RECORDED INFORMATION.
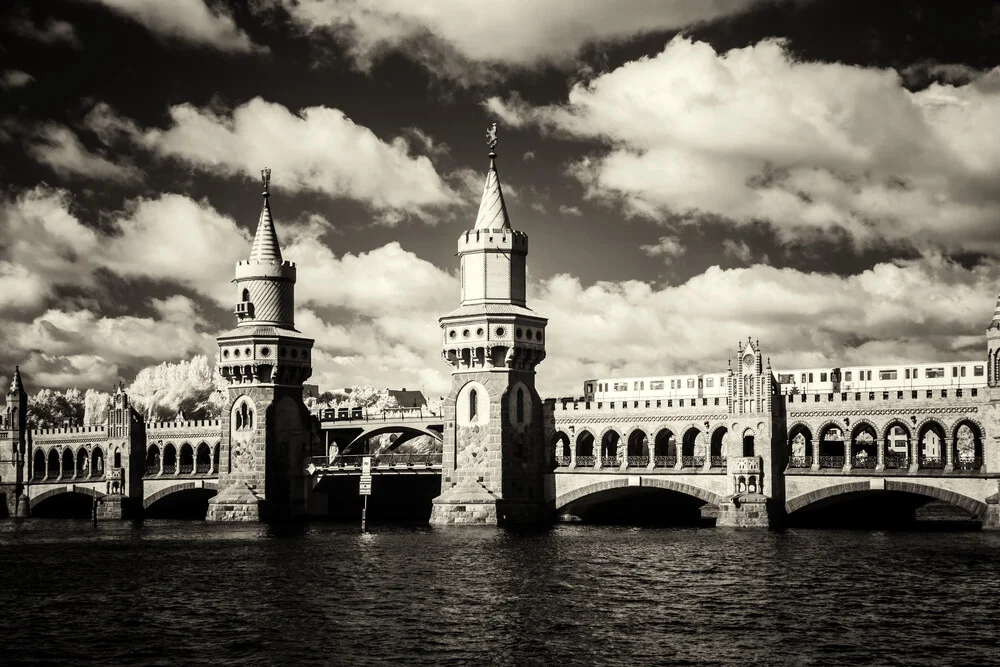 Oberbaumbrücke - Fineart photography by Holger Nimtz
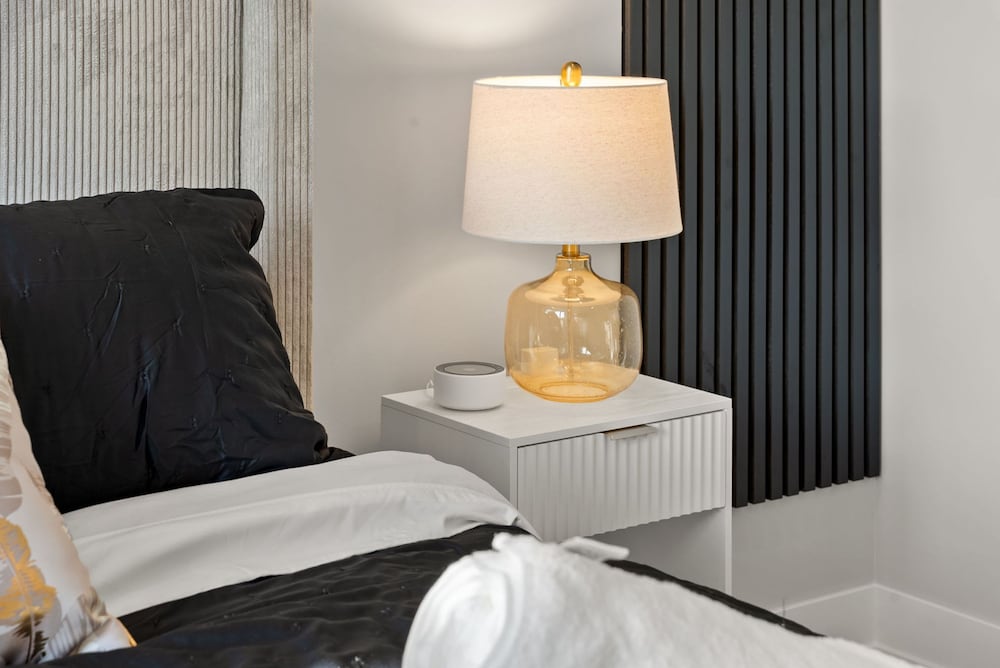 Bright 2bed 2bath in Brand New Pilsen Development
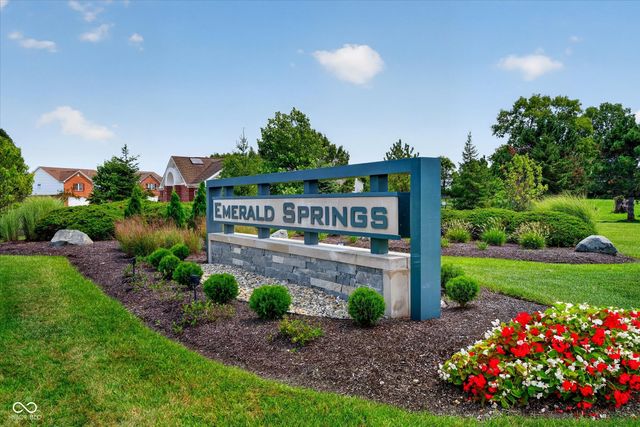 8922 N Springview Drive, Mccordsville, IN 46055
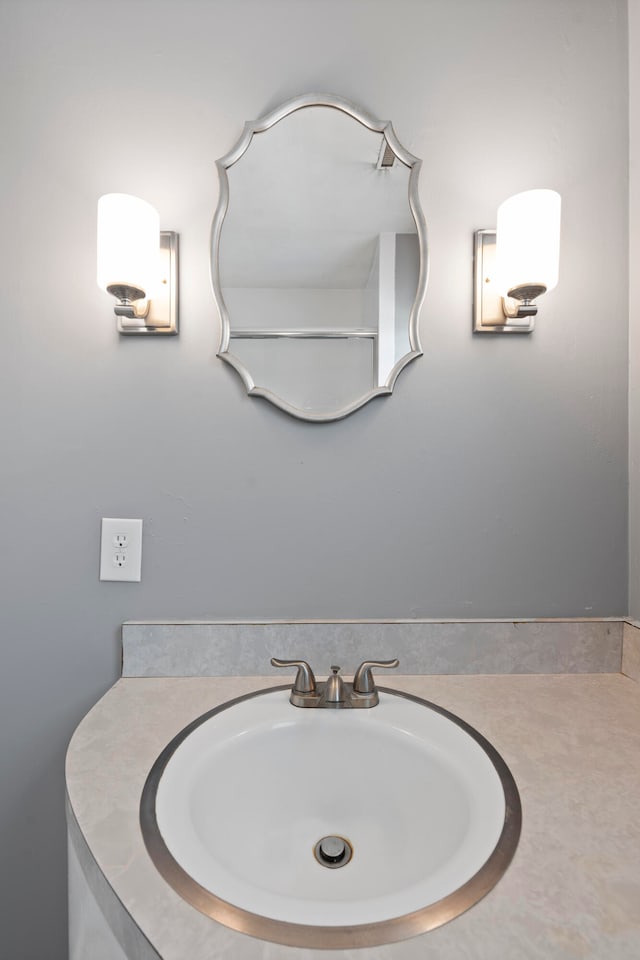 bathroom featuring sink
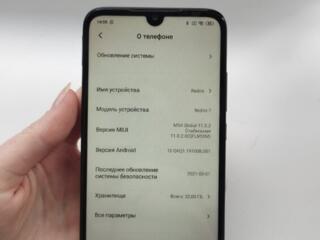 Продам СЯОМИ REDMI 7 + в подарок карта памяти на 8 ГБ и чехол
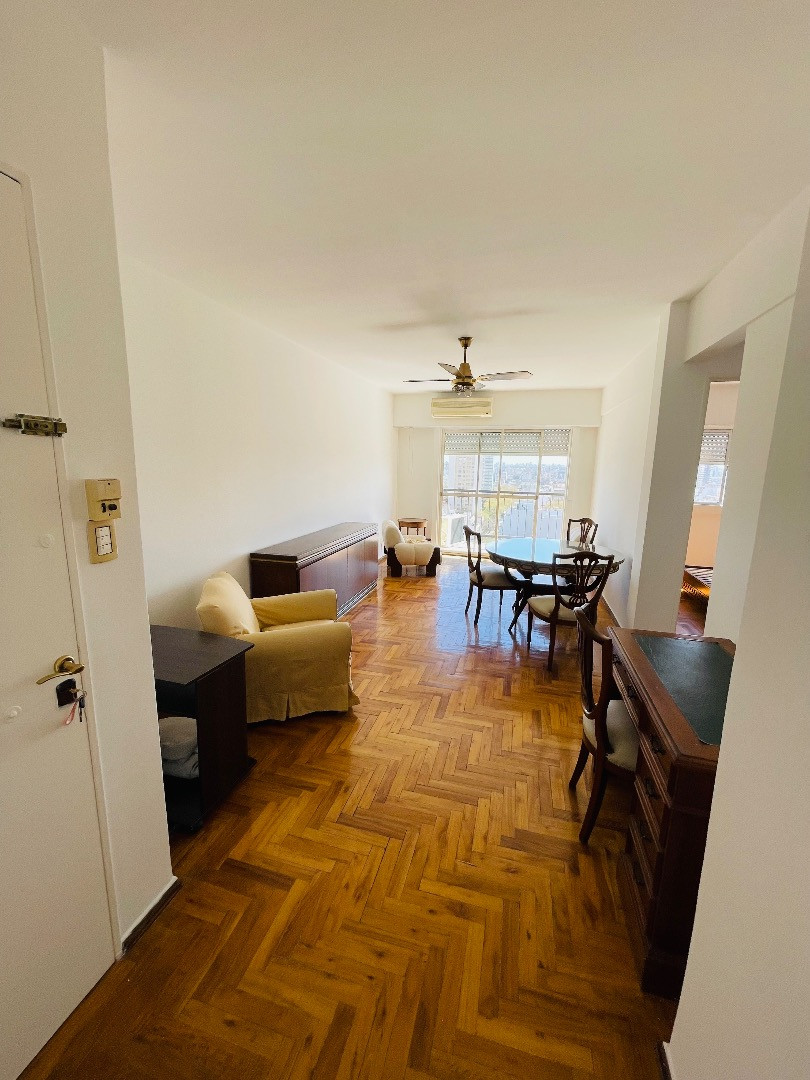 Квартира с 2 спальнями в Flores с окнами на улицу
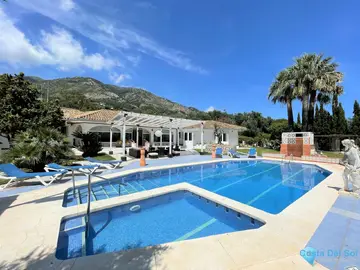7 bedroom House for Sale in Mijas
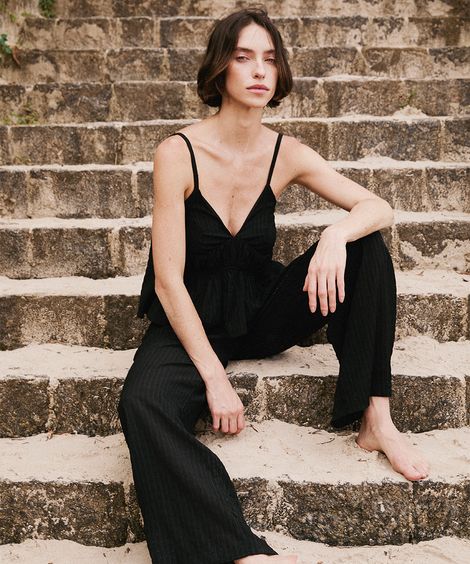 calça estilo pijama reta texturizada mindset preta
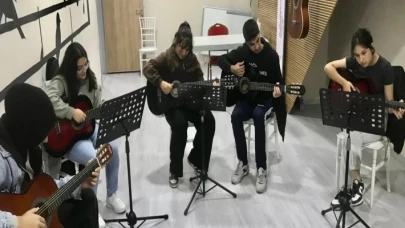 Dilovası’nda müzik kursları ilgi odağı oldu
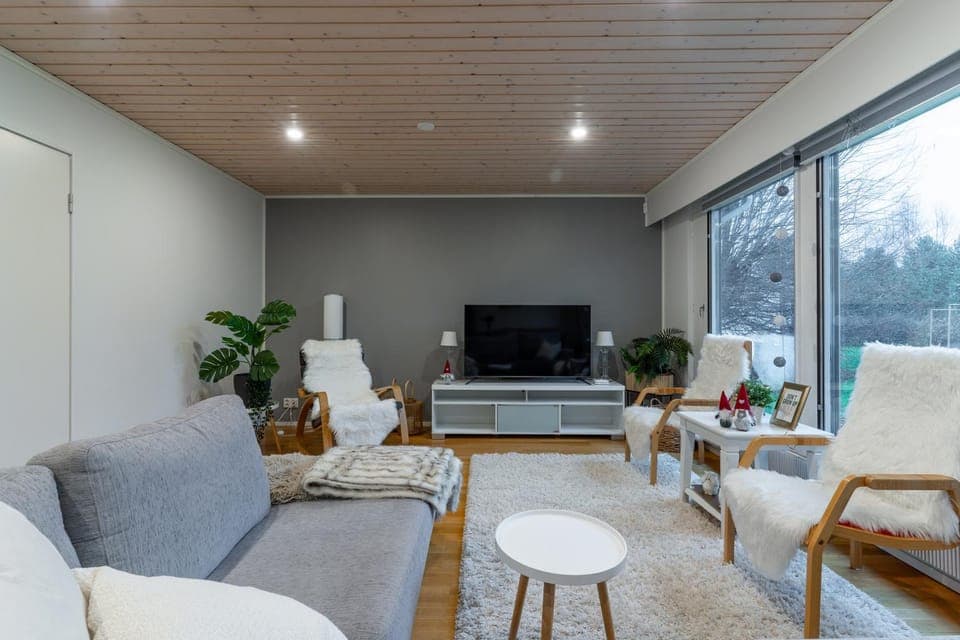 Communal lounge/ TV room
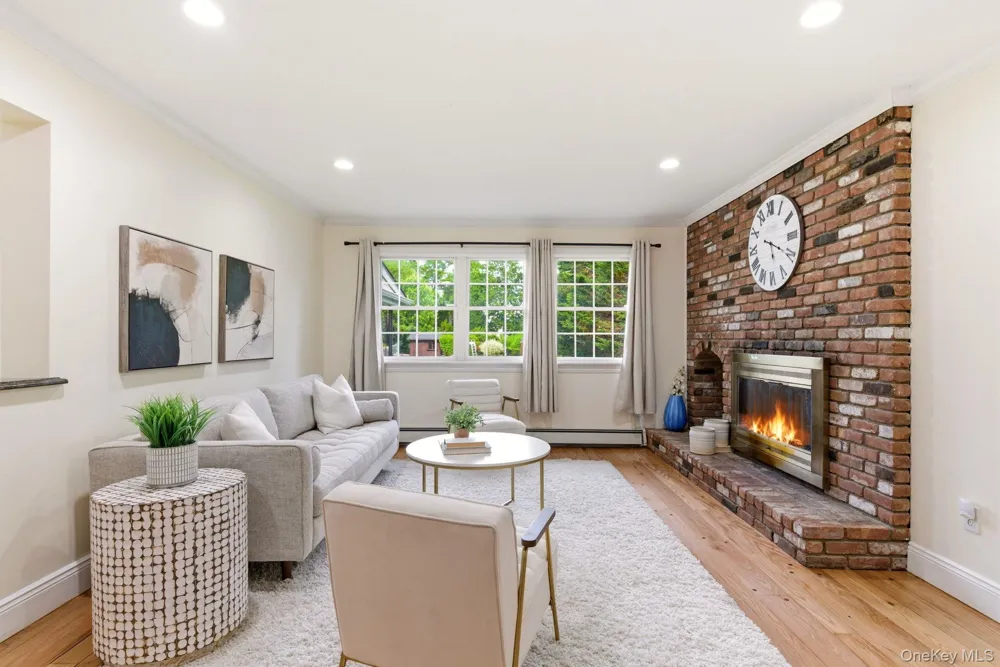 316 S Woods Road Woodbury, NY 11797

EXERCISE REQUIREMENTS. Find the line that contains "Dilovası’nda müzik kursları ilgi odağı oldu", then write out that line and each one after it, exactly and with nothing else, through the end of the entries above, without the pictures.

OUTPUT OF THE TASK.
 Dilovası’nda müzik kursları ilgi odağı oldu
 Communal lounge/ TV room
 316 S Woods Road Woodbury, NY 11797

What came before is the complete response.